Work task: Print the line containing "Jab Or Job Is" and all lines after it, unchanged, through the end of the data. Leave the pictures out.

[[ Provided records open ]]

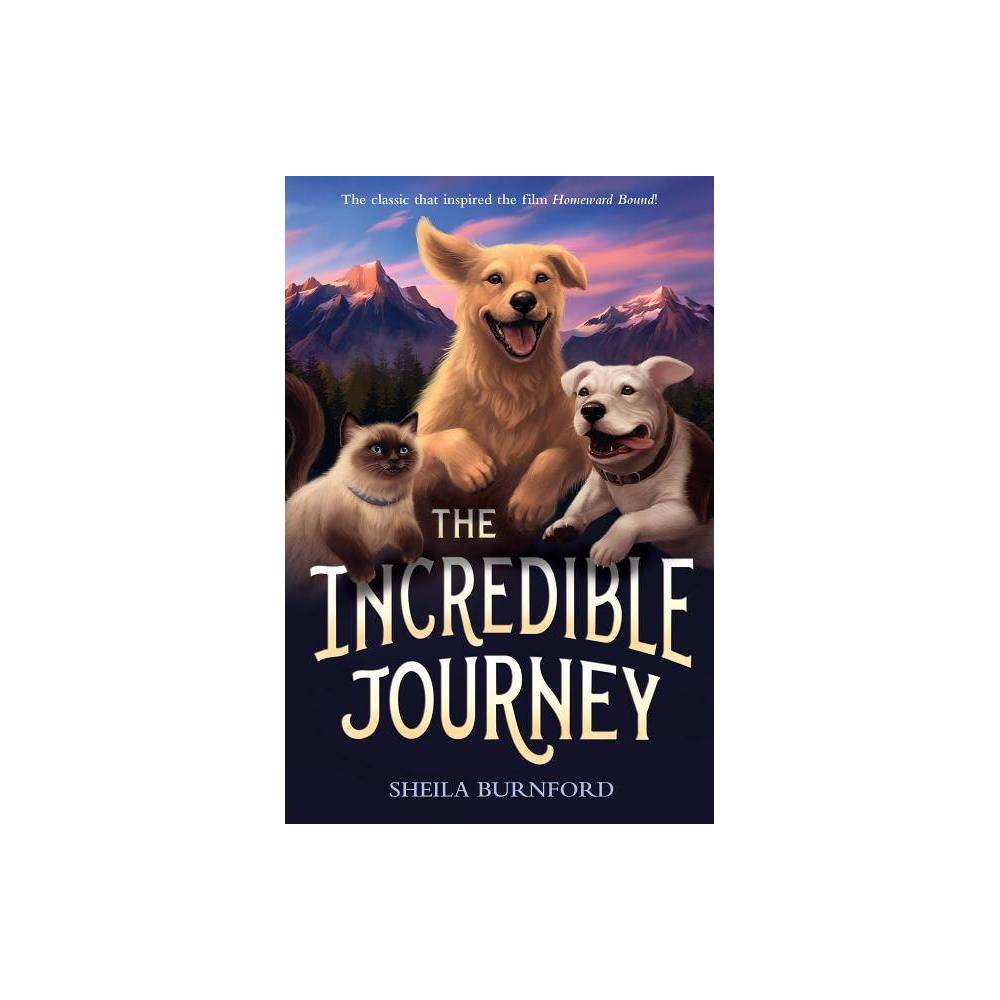 The Incredible Journey - by Sheila Burnford (Paperback) - Burnford, Sheila / Bur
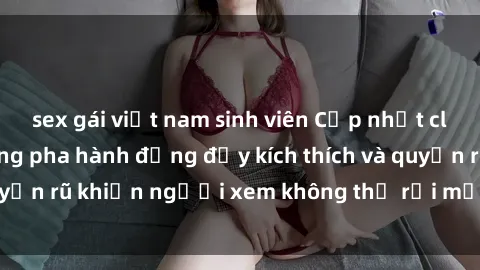 sex gái việt nam sinh viên Cập nhật clip nóng BDSM: Những pha hành động đầy kích thích và quyến rũ khiến người xem không thể rời mắt. Đừng bỏ lỡ!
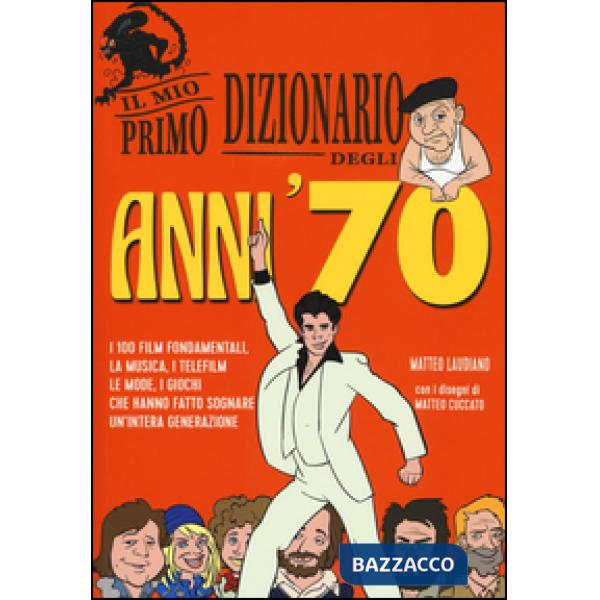 Mio primo dizionario degli anni '70 (Il)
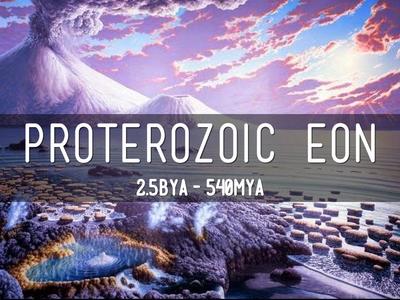 Proterozoic Eon (2,500 mya to 541 mya) Era/Epoch: Neoprotezoic ...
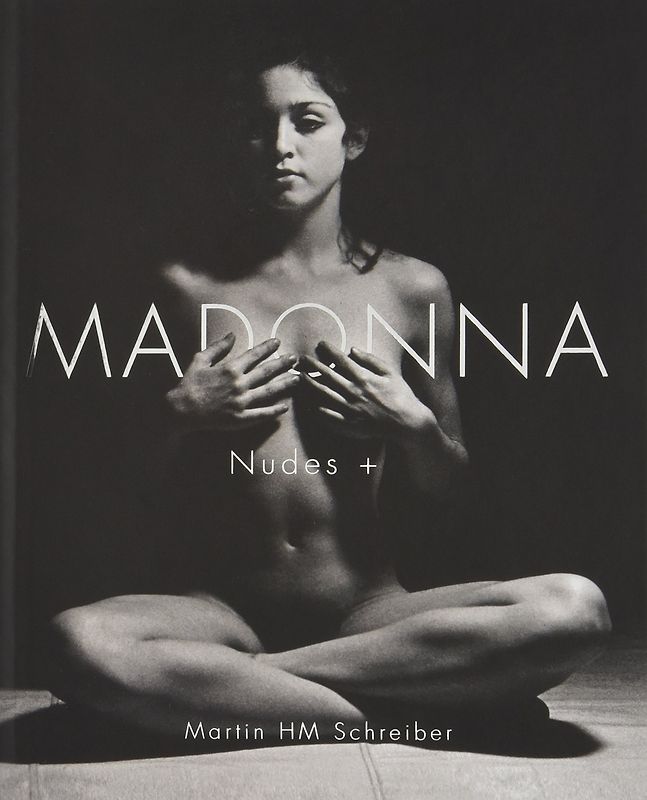 Madonna - Nudes + - Martin M. H. Schreiber [Hardcover]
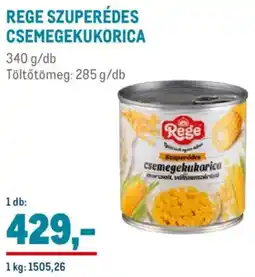 Metro Rege Szuperédes csemegekukorica ajánlat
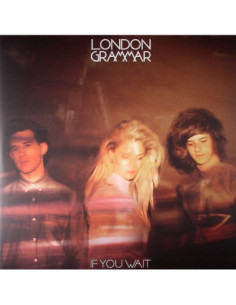 London Grammar - If You Wait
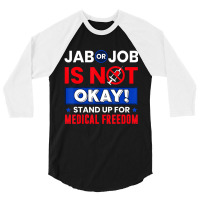 Jab Or Job Is Not Ok Standup For Medical Freedom T 3/4 Sleeve Shirt | Artistshot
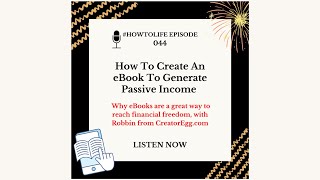 HTL 044: How to create an eBook and generate passive income, with Robbin from creatoregg.com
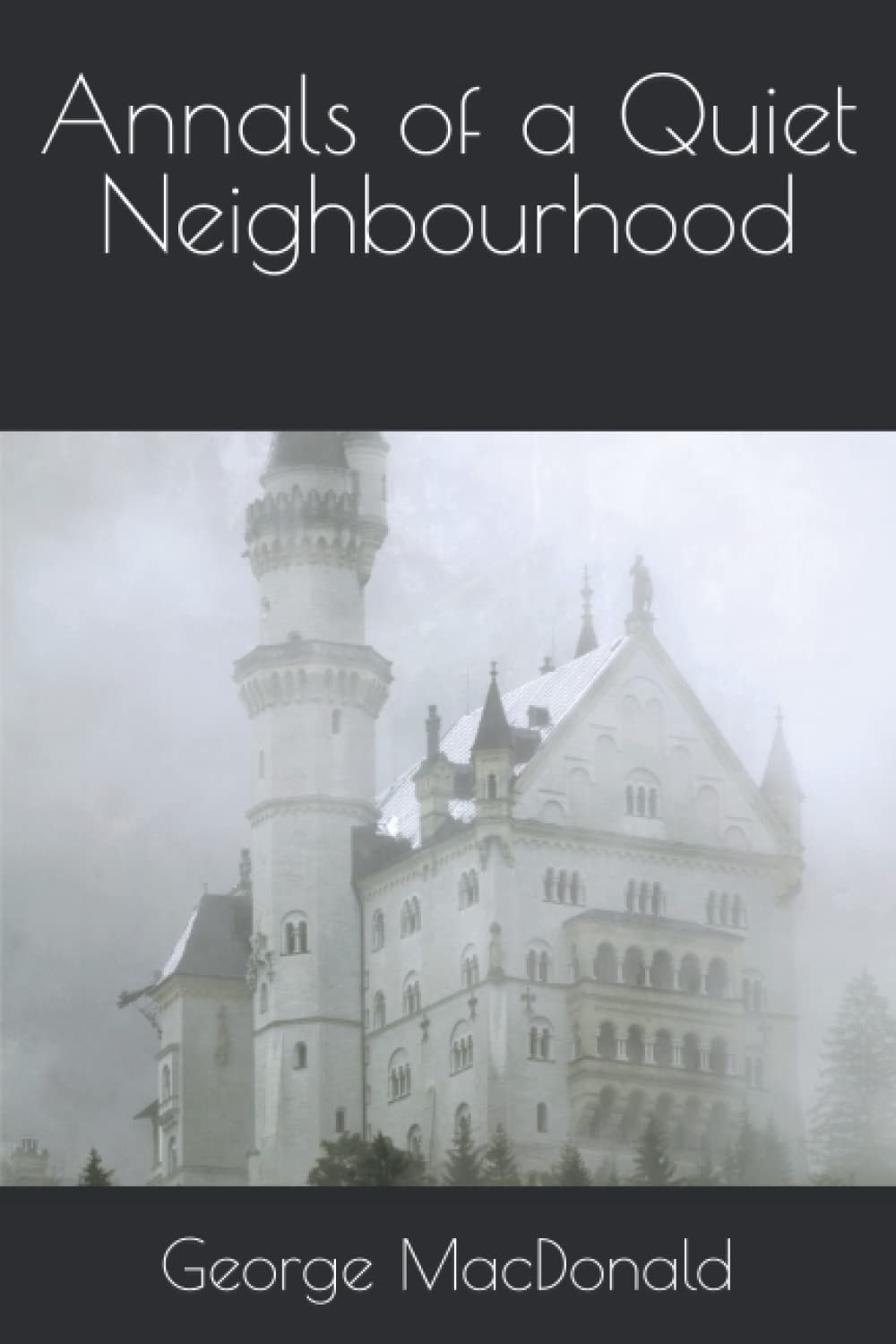 Annals of a Quiet Neighbourhood
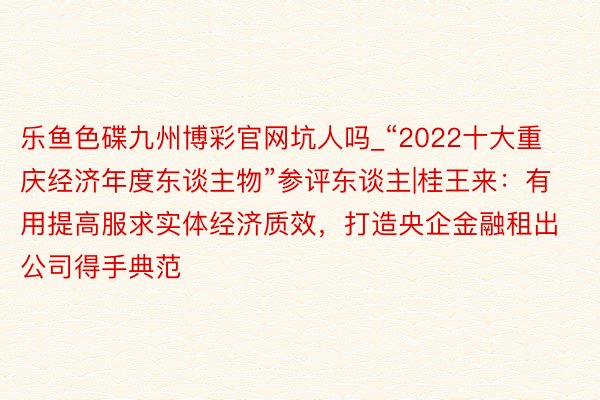 乐鱼色碟九州博彩官网坑人吗_“2022十大重庆经济年度东谈主物”参评东谈主|桂王来：有用提高服求实体经济质效，打造央企金融租出公司得手典范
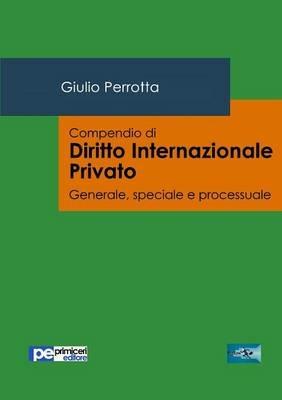 Compendio di diritto internazionale privato - Giulio Perrotta - copertina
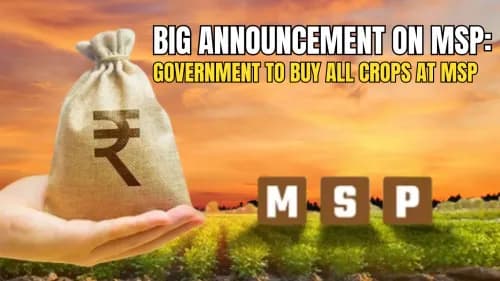 Big Announcement on Minimum Support Price: Government to Buy All Crops at MSP Big Announcement on Minimum Support Price: Government to Buy All Crops at MSP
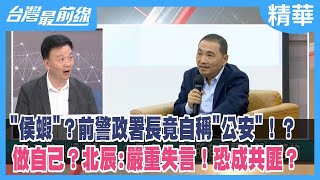 "侯蝦"？前警政署長竟自稱"公安"！？ 做自己？北辰:嚴重失言！恐成共匪？【台灣最前線 精華】2023.06.20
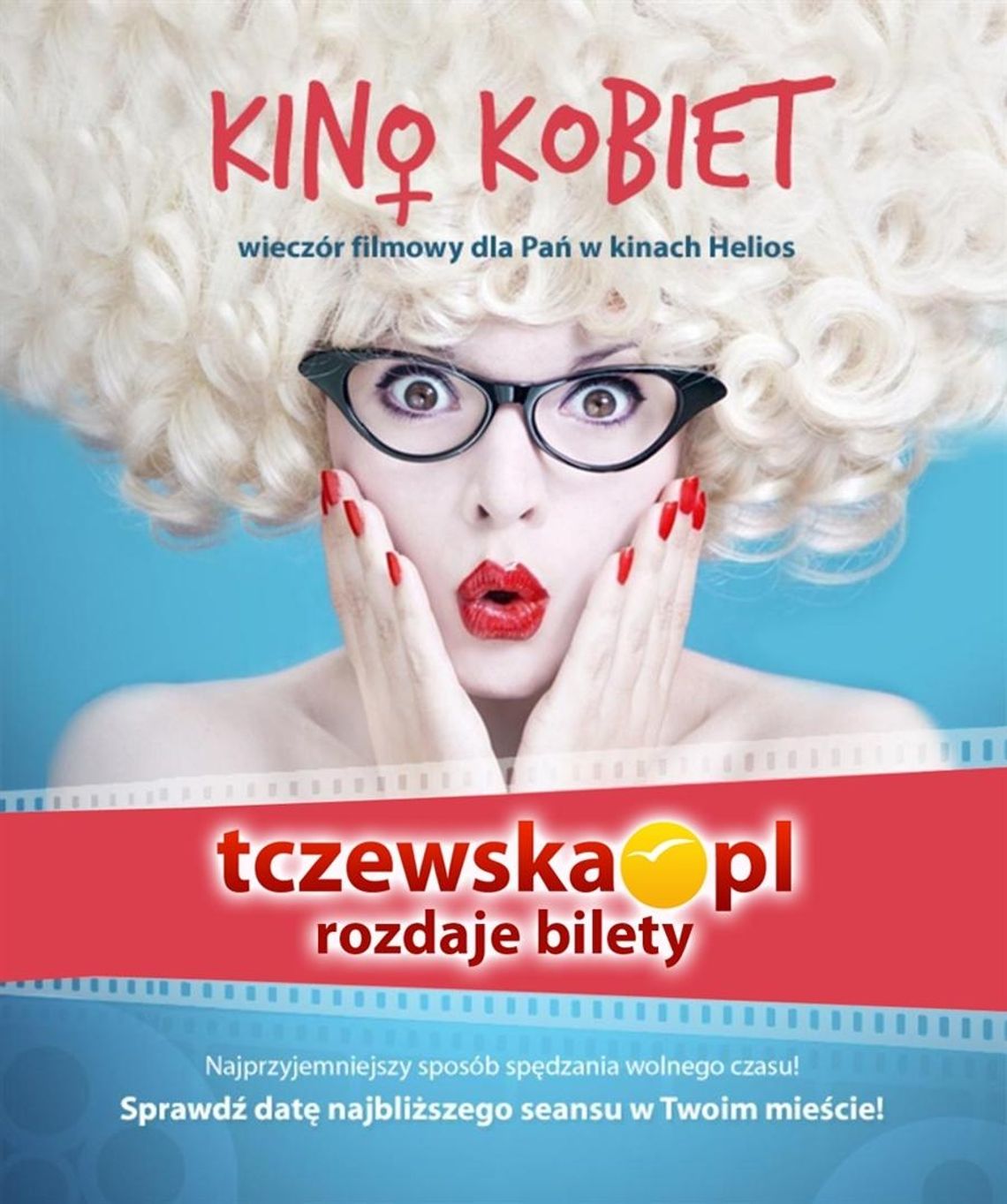 Wygraj bilety na Kino Kobiet z Tczewska.pl! Wygraj bilety na Kino Kobiet z Tczewska.pl!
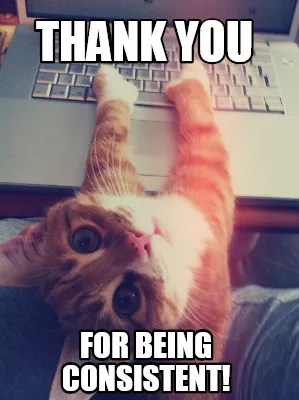 Funny Thank you for being consistent!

[[ Provided records closed ]]

Task response:
 Jab Or Job Is Not Ok Standup For Medical Freedom T 3/4 Sleeve Shirt | Artistshot
 HTL 044: How to create an eBook and generate passive income, with Robbin from creatoregg.com
 Annals of a Quiet Neighbourhood
 乐鱼色碟九州博彩官网坑人吗_“2022十大重庆经济年度东谈主物”参评东谈主|桂王来：有用提高服求实体经济质效，打造央企金融租出公司得手典范
 Compendio di diritto internazionale privato - Giulio Perrotta - copertina
 Big Announcement on Minimum Support Price: Government to Buy All Crops at MSP Big Announcement on Minimum Support Price: Government to Buy All Crops at MSP
 "侯蝦"？前警政署長竟自稱"公安"！？ 做自己？北辰:嚴重失言！恐成共匪？【台灣最前線 精華】2023.06.20
 Wygraj bilety na Kino Kobiet z Tczewska.pl! Wygraj bilety na Kino Kobiet z Tczewska.pl!
 Funny Thank you for being consistent!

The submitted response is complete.